Go through the data and copy each line where the word "should" shows up.

>>>>>

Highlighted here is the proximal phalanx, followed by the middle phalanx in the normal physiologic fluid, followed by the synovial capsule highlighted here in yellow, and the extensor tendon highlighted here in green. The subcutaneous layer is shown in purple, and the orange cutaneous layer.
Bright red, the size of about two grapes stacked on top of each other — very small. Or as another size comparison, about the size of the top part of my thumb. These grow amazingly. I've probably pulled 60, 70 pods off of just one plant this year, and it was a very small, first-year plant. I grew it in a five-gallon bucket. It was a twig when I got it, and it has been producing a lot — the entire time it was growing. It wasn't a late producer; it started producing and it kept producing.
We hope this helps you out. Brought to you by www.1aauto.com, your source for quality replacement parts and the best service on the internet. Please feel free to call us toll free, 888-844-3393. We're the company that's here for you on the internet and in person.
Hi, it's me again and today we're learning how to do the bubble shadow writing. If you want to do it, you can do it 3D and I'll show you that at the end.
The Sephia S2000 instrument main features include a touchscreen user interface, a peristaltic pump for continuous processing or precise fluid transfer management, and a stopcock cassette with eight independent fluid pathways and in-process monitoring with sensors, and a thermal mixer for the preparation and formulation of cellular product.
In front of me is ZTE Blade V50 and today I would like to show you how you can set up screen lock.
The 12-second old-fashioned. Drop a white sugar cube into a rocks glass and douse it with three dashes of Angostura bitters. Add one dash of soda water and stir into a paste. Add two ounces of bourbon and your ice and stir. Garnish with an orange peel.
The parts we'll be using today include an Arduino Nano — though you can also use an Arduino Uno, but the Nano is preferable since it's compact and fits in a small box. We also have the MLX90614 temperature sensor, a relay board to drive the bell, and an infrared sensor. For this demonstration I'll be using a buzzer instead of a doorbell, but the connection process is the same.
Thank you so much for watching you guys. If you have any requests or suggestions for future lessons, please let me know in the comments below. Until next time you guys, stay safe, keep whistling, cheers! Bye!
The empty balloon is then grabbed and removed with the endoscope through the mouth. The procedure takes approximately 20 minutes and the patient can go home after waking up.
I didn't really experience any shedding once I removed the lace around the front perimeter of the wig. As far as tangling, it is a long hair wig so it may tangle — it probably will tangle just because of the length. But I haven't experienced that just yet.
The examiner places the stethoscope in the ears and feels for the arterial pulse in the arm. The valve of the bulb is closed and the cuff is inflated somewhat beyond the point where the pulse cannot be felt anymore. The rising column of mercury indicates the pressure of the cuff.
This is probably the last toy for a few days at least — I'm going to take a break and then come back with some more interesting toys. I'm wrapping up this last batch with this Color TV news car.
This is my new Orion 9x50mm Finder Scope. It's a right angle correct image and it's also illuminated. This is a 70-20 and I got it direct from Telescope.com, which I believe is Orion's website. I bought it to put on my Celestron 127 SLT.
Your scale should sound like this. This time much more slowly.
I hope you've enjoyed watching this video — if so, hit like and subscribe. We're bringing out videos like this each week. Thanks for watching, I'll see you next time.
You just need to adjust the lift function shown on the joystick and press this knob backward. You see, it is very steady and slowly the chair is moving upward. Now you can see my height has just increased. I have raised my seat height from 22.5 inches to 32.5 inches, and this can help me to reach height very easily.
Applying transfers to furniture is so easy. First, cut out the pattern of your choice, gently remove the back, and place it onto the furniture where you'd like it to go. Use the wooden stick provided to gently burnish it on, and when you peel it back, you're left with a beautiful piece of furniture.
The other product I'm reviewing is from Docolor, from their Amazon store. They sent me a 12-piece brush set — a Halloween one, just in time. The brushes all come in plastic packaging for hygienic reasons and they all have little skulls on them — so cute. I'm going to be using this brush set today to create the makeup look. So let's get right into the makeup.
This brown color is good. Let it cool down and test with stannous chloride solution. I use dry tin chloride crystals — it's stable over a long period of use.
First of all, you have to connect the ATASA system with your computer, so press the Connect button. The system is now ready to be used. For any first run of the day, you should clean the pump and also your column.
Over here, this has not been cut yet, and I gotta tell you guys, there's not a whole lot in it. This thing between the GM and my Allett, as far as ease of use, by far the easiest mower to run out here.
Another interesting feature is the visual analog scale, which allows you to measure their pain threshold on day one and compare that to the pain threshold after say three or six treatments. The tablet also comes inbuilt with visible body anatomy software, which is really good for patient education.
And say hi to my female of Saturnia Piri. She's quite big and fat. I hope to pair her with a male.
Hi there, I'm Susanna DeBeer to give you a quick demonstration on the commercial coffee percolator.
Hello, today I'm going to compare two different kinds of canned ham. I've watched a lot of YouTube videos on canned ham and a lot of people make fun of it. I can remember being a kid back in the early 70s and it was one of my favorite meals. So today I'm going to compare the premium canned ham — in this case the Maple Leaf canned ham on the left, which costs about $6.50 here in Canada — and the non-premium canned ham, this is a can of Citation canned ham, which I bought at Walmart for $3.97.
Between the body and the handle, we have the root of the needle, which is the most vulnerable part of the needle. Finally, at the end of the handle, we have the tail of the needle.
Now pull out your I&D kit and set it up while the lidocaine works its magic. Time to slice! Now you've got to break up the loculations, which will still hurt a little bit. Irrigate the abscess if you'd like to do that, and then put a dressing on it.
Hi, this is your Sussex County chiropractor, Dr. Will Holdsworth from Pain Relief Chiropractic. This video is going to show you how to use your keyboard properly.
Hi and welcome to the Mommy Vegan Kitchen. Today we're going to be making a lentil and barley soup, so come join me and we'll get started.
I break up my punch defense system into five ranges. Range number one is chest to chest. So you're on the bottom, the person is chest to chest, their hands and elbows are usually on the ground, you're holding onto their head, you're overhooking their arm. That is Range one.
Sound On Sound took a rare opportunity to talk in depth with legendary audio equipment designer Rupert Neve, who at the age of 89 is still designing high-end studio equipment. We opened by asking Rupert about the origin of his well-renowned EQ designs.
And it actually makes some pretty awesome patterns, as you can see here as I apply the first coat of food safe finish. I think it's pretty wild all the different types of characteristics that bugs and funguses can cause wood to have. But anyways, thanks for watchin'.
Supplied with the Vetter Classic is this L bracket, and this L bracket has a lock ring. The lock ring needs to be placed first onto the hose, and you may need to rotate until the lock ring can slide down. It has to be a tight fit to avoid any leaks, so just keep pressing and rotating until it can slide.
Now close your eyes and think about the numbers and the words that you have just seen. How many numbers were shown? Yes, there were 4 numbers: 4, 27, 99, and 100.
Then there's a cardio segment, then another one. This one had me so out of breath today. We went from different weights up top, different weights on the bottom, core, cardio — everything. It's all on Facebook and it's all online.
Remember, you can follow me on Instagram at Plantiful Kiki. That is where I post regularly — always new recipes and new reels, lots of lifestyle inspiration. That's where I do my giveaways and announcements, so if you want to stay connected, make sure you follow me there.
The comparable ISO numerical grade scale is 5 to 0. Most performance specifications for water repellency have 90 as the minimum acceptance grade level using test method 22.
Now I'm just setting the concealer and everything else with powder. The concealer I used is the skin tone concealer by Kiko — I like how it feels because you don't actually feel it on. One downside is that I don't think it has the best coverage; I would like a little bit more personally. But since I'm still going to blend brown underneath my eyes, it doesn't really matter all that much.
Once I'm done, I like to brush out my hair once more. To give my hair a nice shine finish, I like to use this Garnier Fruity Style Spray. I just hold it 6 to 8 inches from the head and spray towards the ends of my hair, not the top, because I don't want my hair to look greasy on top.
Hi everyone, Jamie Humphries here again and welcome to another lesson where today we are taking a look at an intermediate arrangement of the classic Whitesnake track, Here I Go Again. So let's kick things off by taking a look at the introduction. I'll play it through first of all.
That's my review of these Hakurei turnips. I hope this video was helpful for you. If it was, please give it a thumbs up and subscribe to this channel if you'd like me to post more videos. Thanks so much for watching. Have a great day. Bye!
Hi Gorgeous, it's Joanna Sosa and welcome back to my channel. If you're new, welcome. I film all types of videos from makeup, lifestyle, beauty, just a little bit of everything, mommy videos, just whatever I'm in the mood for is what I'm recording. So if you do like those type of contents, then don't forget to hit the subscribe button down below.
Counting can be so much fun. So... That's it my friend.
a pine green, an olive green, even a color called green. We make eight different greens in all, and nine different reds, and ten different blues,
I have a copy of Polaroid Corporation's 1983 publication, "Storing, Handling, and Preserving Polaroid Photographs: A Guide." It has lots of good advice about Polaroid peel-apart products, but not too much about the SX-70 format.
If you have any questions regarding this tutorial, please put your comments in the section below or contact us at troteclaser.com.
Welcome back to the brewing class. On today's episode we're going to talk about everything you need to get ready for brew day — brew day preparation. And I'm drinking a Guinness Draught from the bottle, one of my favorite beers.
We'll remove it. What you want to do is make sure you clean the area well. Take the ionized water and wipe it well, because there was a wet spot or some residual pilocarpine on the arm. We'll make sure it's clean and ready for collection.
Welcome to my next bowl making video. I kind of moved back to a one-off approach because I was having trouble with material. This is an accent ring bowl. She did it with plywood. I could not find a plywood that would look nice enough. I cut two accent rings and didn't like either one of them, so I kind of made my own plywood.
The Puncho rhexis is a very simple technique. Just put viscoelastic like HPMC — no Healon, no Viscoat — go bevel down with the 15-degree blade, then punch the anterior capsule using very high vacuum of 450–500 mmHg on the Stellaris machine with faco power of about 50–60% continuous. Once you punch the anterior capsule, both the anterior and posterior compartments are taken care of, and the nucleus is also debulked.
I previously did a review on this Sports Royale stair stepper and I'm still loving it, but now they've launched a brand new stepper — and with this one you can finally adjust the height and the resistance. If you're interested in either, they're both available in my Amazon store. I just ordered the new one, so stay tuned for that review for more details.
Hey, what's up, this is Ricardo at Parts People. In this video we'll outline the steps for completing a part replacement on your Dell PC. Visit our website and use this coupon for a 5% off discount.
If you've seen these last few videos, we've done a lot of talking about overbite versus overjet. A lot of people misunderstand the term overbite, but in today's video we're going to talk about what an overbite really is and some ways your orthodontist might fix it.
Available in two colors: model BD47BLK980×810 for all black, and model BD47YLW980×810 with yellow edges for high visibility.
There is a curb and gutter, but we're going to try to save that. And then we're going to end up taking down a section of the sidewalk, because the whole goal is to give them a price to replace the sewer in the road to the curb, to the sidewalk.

<<<<<

* _EXERCISE RESULT_:
Your scale should sound like this. This time much more slowly.
First of all, you have to connect the ATASA system with your computer, so press the Connect button. The system is now ready to be used. For any first run of the day, you should clean the pump and also your column.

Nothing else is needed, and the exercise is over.